Em nota, o Ministério de Portos e Aeroportos disse que os governos federal e estadual seguem trabalhando de forma integrada para concluir os ajustes no convênio de delegação e assegurar a plena execução da obra. A Secretaria de Parcerias em Investimentos do governo de São Paulo, por sua vez, disse que recebeu um ofício do Ministério no último dia 25 de julho com a solicitação de aditivo ao convênio e, após análise, a equipe técnica concluiu que os pedidos do governo já estavam contempladas no instrumento vigente, não havendo necessidade de novo aditivo.
“A resposta foi formalizada em ofício encaminhado nesta terça-feira (12/8).
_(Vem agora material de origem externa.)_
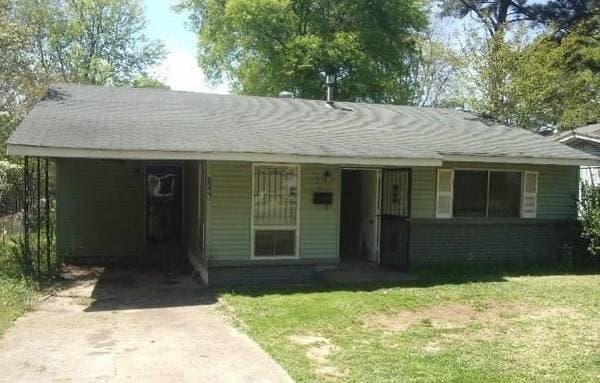 Photo - 1348 Hall St SW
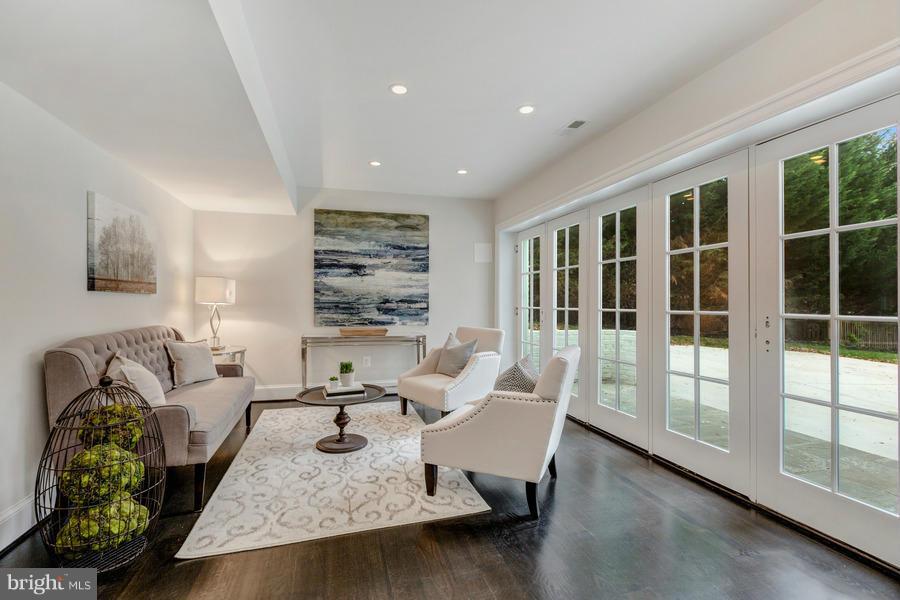 KENT - Residential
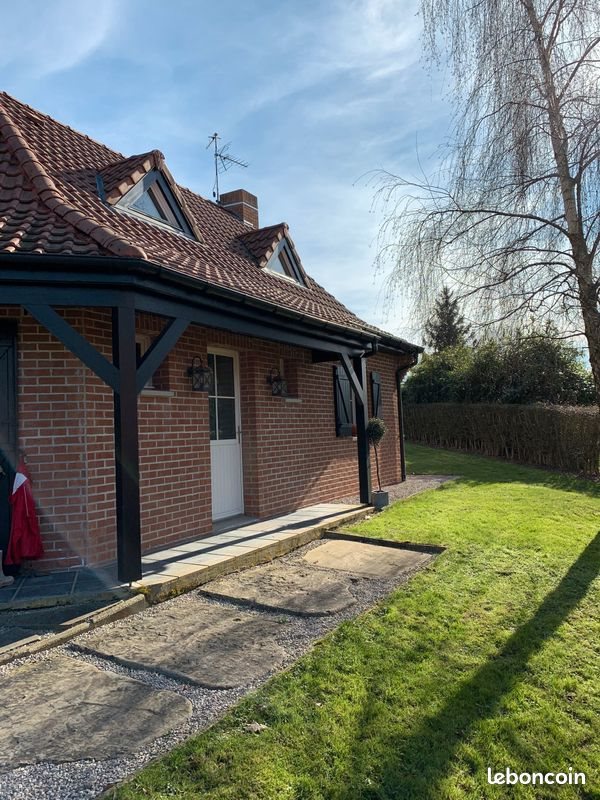 Maison à louer, 170m², Neuville-en-Ferrain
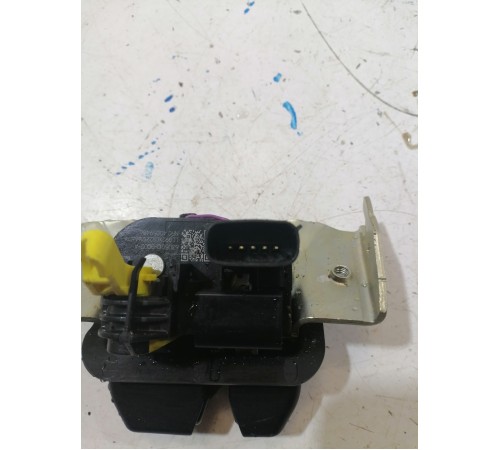 Замок багажника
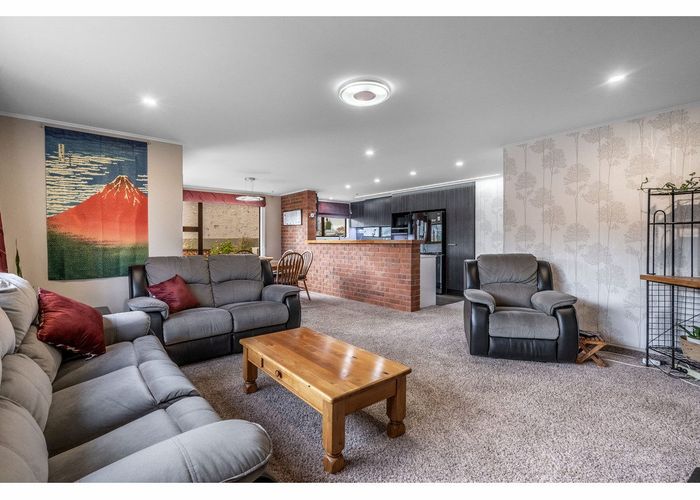  at 293 Queens Drive, Windsor, Invercargill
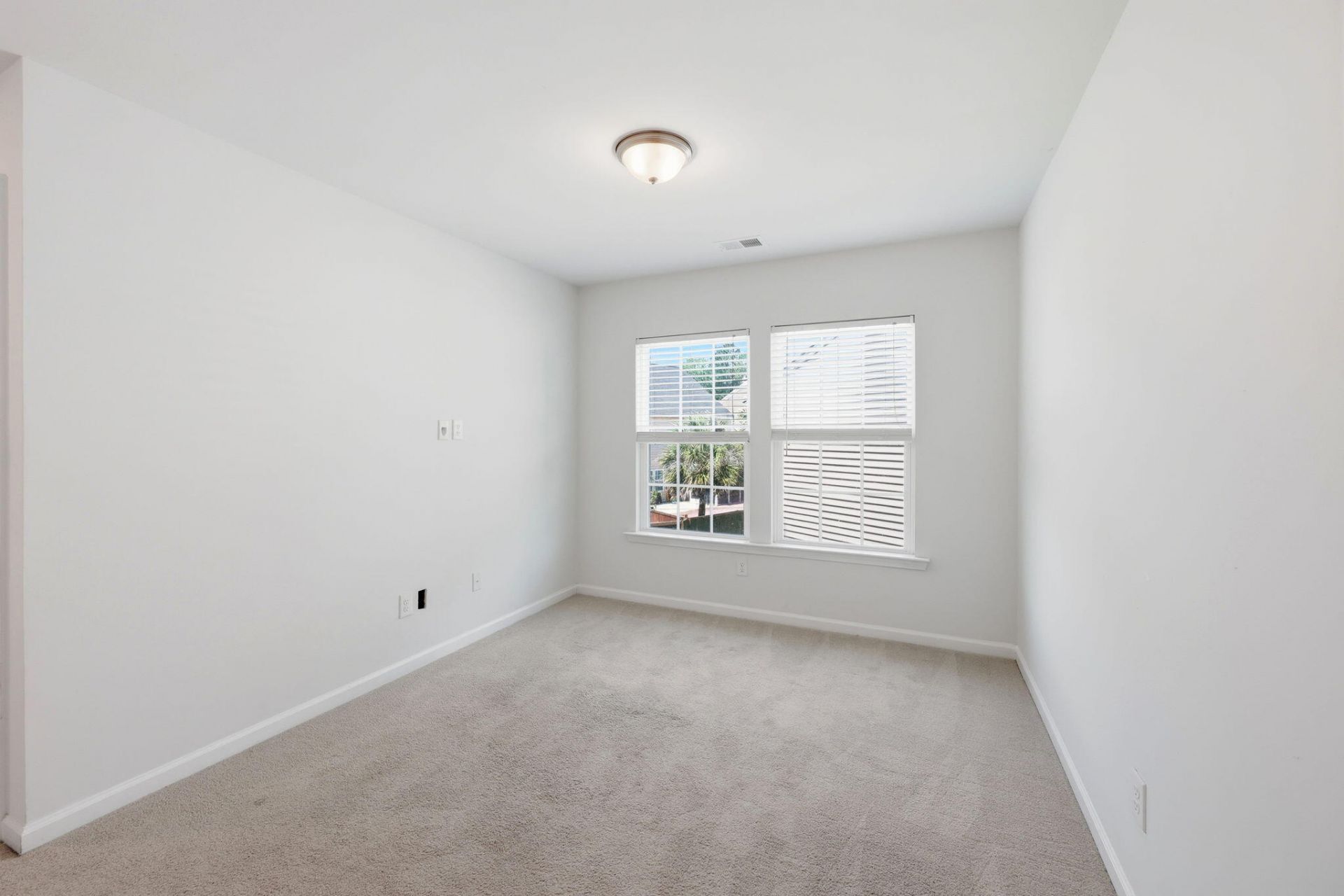 359 Bradley Bend Drive Photo 20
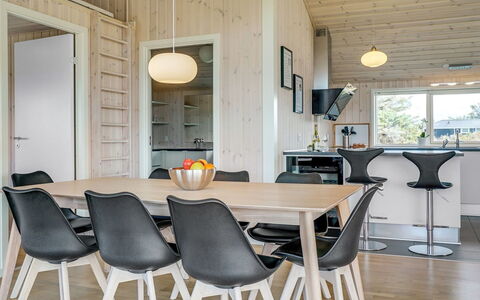Esma - 150M from the Sea: Hout, Interieur Ontwerp, Flooring, Meubilair, Plafond, Keuken En Eettafel, Verdieping, Lichte Inrichting, Houten Vloer, Eetkamer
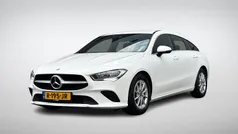 Wit Gebruikt 2022 Mercedes CLA180 Shooting Brake Stationwagen | € 29.459 (Goede deal)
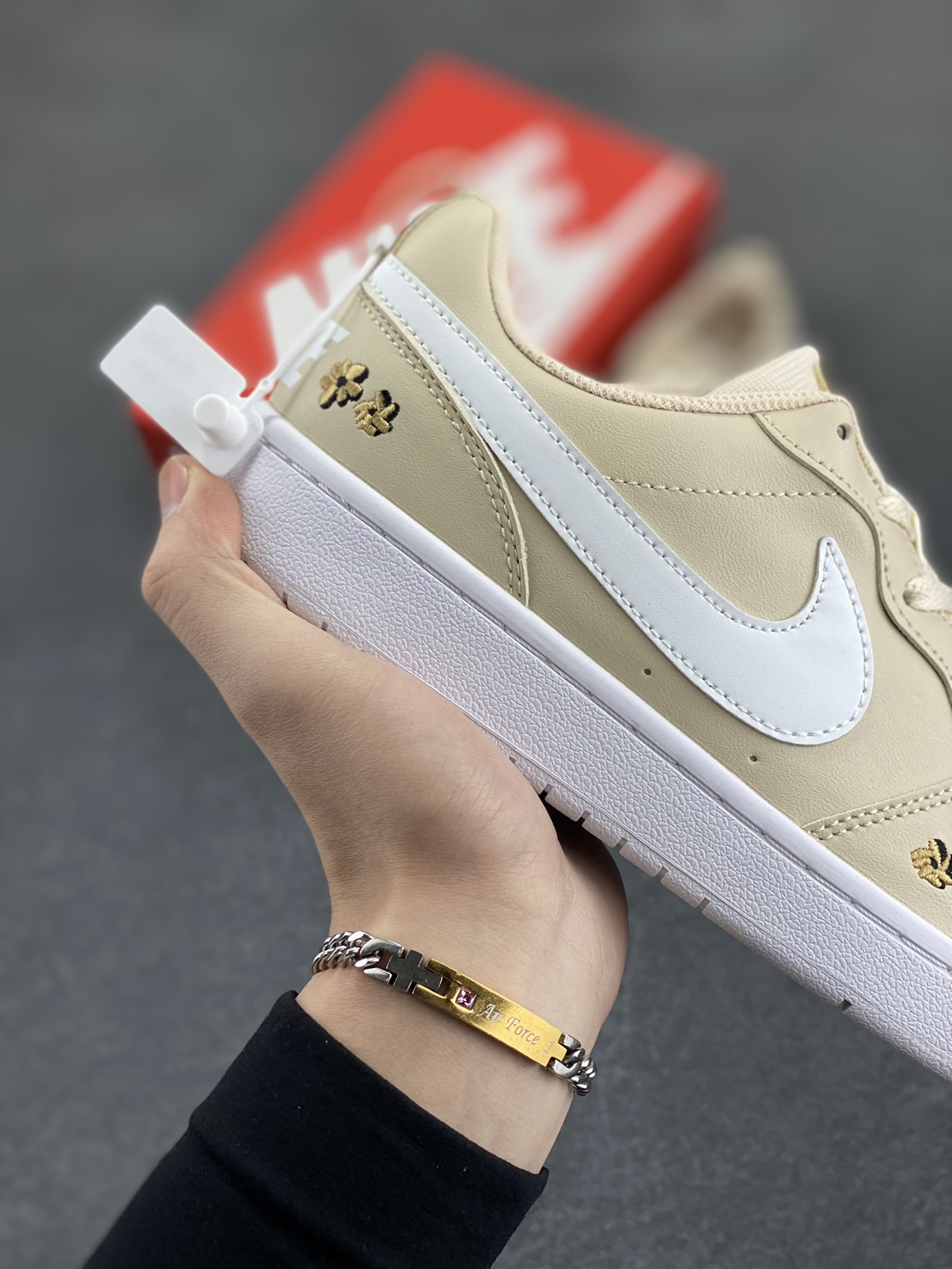 图片[6]-福利特价 Nike Court Borough Low 低帮百搭透气休闲运动板鞋男女鞋 经典耐用的设计，兼顾舒适脚感和出众风范，演绎匠心之作。结构性的支撑贴合感结合复古篮球设计，塑就场外全明星风范。 货号：FZ3136-100 尺码：36 36.5 37.5 38 38.5 39 40 40.5 41 42 42.5 43 44 45-选品中心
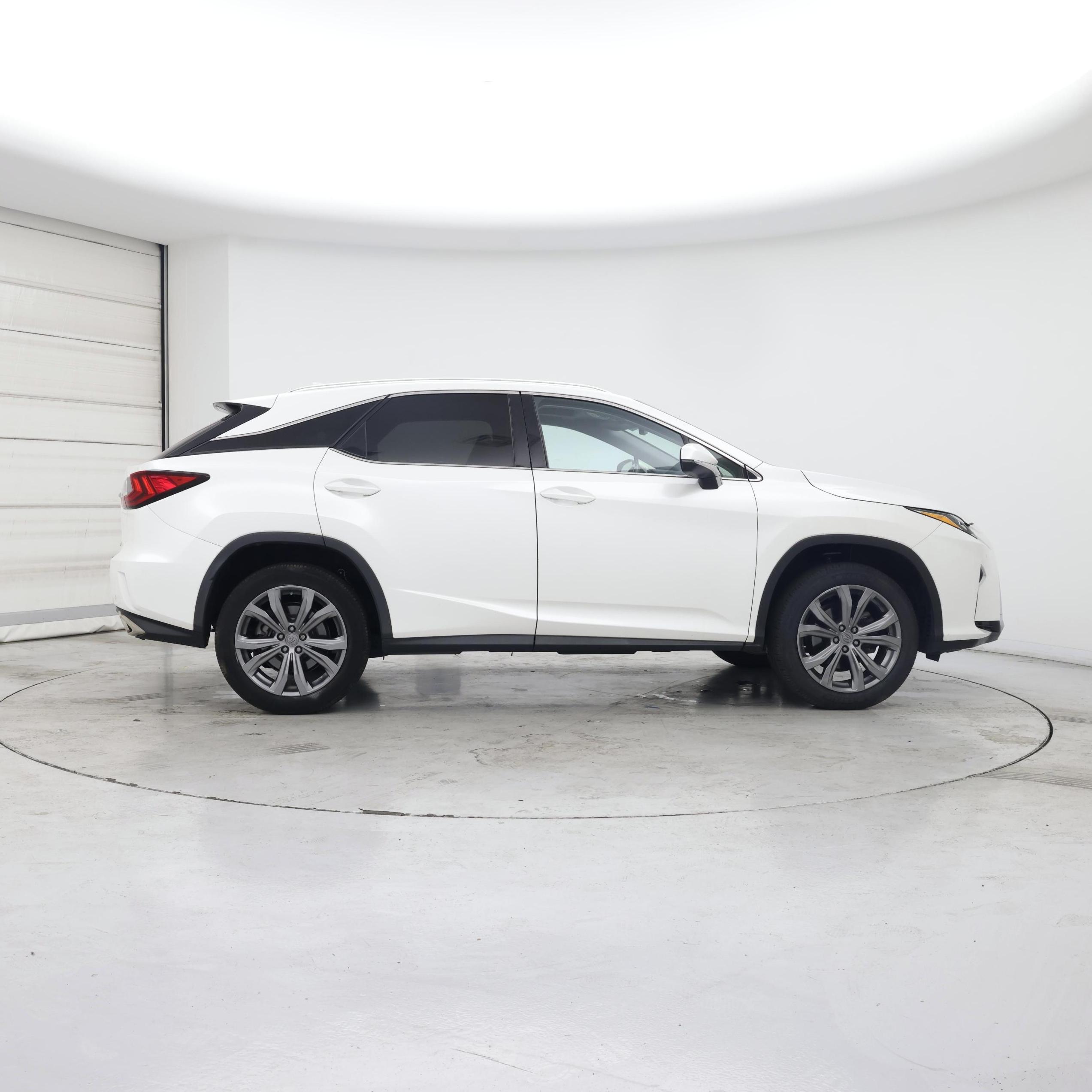 Thumbnail: 2017 Lexus RX - 7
Conforme previsto em norma federal, qualquer alteração solicitada com menos de 35 dias úteis antes da data prevista para o leilão pode acarretar atraso no processo e a necessidade de republicação do edital”, afirmou a pasta.
Ao Estadão, o presidente da Autoridade Portuária de Santos, Anderson Pomini, defendeu a manutenção da “boa parceria” com o governo Tarcísio e a assinatura, pelo Estado, dos termos regulatórios, que segundo ele servem para garantir segurança jurídica à obra e o aporte financeiro do Porto. “Esperamos que governador cumpra o combinado com o presidente Lula para definitivamente executarmos 100 anos de projeto”, completou.
O projeto do túnel está na fase burocrática de obtenção de licenças ambientais — uma delas foi liberada nesta terça-feira, 12, pela Companhia Ambiental do Estado de São Paulo (Cetesb). O leilão está previsto para 5 de setembro, e o início do canteiro de obras, para novembro.
Para o professor Marco Antônio Teixeira, coordenador do mestrado e doutorado em Gestão e Políticas Públicas da FGV EAESP, a disputa pela paternidade da obra não é por acaso.
“O túnel Santos-Guarujá é equivalente à Ponte Rio-Niterói. A ponte eliminou as balsas, ligou dois pontos distantes e virou um cartão-postal. O túnel vai unir duas das cidades mais populosas da Baixada Santista. É uma obra com uma ressonância nacional muito forte e que pode render dividendos eleitorais a quem a inaugurar, dando ao governante o status de ‘tocador de obra’“, diz ele.